Lampi di luce

Questo post inizia con una domanda: ma cosa potrebbe mai essere l’oggetto nella foto qui sotto? Uno strano copricapo? Una capsula spaziale solo per la testa? L’antesignano dei Google Glass?🙂

Un antenato di Robonaut?

Niente di tutto ciò ovviamente: si tratta dell’apparecchiatura utilizzata per un serissimo esperimento eseguito nel corso delle missioni lunari.

L’equipaggio di Apollo 11 fu il primo a descrivere uno strano fenomeno durante i briefing post-missione: durante il viaggio di ritorno verso la Terra, sia il CDR che il LMP dichiararono di aver visto lampi di luce o flebili puntini luminosi quando tutte le luci della cabina del CM erano spente (per i periodi di riposo) e la vista si era abituata alla scarsità di illuminazione.

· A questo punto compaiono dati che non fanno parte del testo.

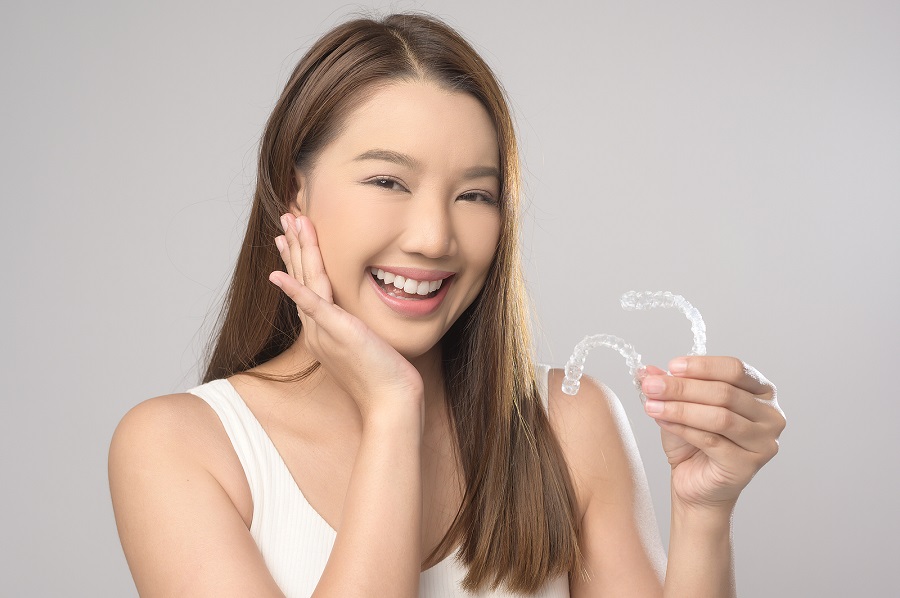 What Makes the SureSmile Clear Aligner System So Different?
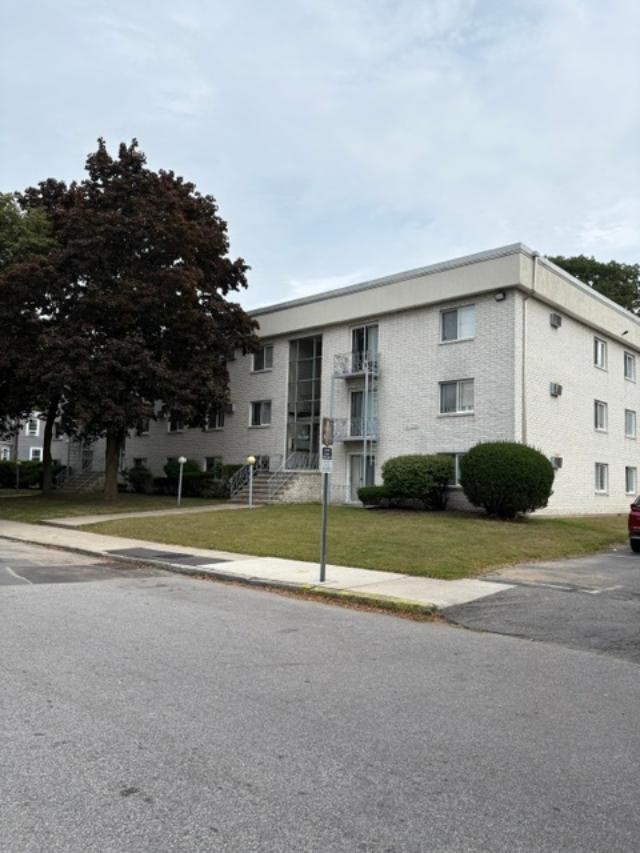 2-bed Condo at 24 Inman St # 3, Lawrence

Quando venne loro chiesto, anche gli equipaggi di Apollo 12 ed Apollo 13 confermarono di essere stati testimoni dello stesso fenomeno. Tutti riportarono di aver visto questi lampi con relativa facilità dopo il periodo di adattamento al buio e soprattutto di poterli vedere sia ad occhi chiusi che ad occhi aperti. Pete Conrad, CDR di Apollo 12 riportò di averne visti “parecchi di molto brillanti” e aggiunse di non ricordare nulla di simile accaduto durante i suoi due voli Gemini (in orbita terrestre).  Jim Lovell, CDR di Apollo 13, confermò anch’esso di aver visto i lampi ma non ricordava di aver assistito allo stesso fenomeno nel corso di Apollo 8. In seguito a questi racconti, la NASA decise di investigare il fenomeno nelle missioni successive inserendo nelle attività da svolgere esperimenti specifici.

L’ipotesi fatta allora era che i lampi di luce fossero causati da raggi cosmici ad alta energia che penetravano nella struttura del Command Module e negli occhi degli astronauti.  I raggi cosmici sono particelle energetiche provenienti dallo spazio esterno, alle quali è esposta la Terra e qualunque altro corpo celeste. La loro natura è molto varia (l’energia cinetica delle particelle dei raggi cosmici è distribuita su svariati ordini di grandezza), così come varia è la loro origine: il Sole, le altre stelle, fenomeni energetici come novae e supernovae, fino ad oggetti remoti come i quasar.

La Cosmic Ray Shower

La maggior parte dei raggi cosmici che arrivano sulla Terra sono prodotti secondari di sciami formati nell’atmosfera dai raggi cosmici primari, con interazioni che tipicamente producono una cascata di particelle secondarie a partire da una singola particella energetica (il fenomeno prende proprio il nome di Cosmic Ray Shower, vedi immagine qui accanto).

All’epoca delle missioni Apollo, si pensava che nel caso in cui fosse venuto a mancare lo schermo dell’atmosfera, queste particelle fossero in grado di produrre effetti sulla vista tramite l’interazione con la retina, per l’accumulo di energia ionizzante sulla retina stessa o la creazione di luce visibile in virtù dell’Effetto Cerenkov.

Solitamente i lampi di luce venivano descritti come ‘bianchi’ o ‘privi di colore’. L’unica eccezione fu quella di Ed Mitchell, LMP di Apollo 14, che descrisse anche un lampo “blu con riflessi bianchi, come un diamante blu”. Nel corso delle missioni vennero identificati tre diversi tipi di lampi, caratterizzati da diversi aspetti e da una diversa frequenza di osservazione:

  • i più comuni, il 66% dei fenomeni, vennero descritti come lampi di luce, che Dave Scott, CDR di Apollo 15 ha descritto come “simili ad un flash fotografico che scatta all’interno di un ampio spazio buio, osservato da diversi metri di distanza”. Ed Mitchell descrisse i lampi come “meno definiti di come gli era stati descritti. E talvolta un primo lampo brillante era seguito da uno più leggero, ammesso che non fosse un effetto ‘alone'”. In alcuni casi sono state osservate coppie di lampi, visibili nello stesso occhio o in due occhi diversi.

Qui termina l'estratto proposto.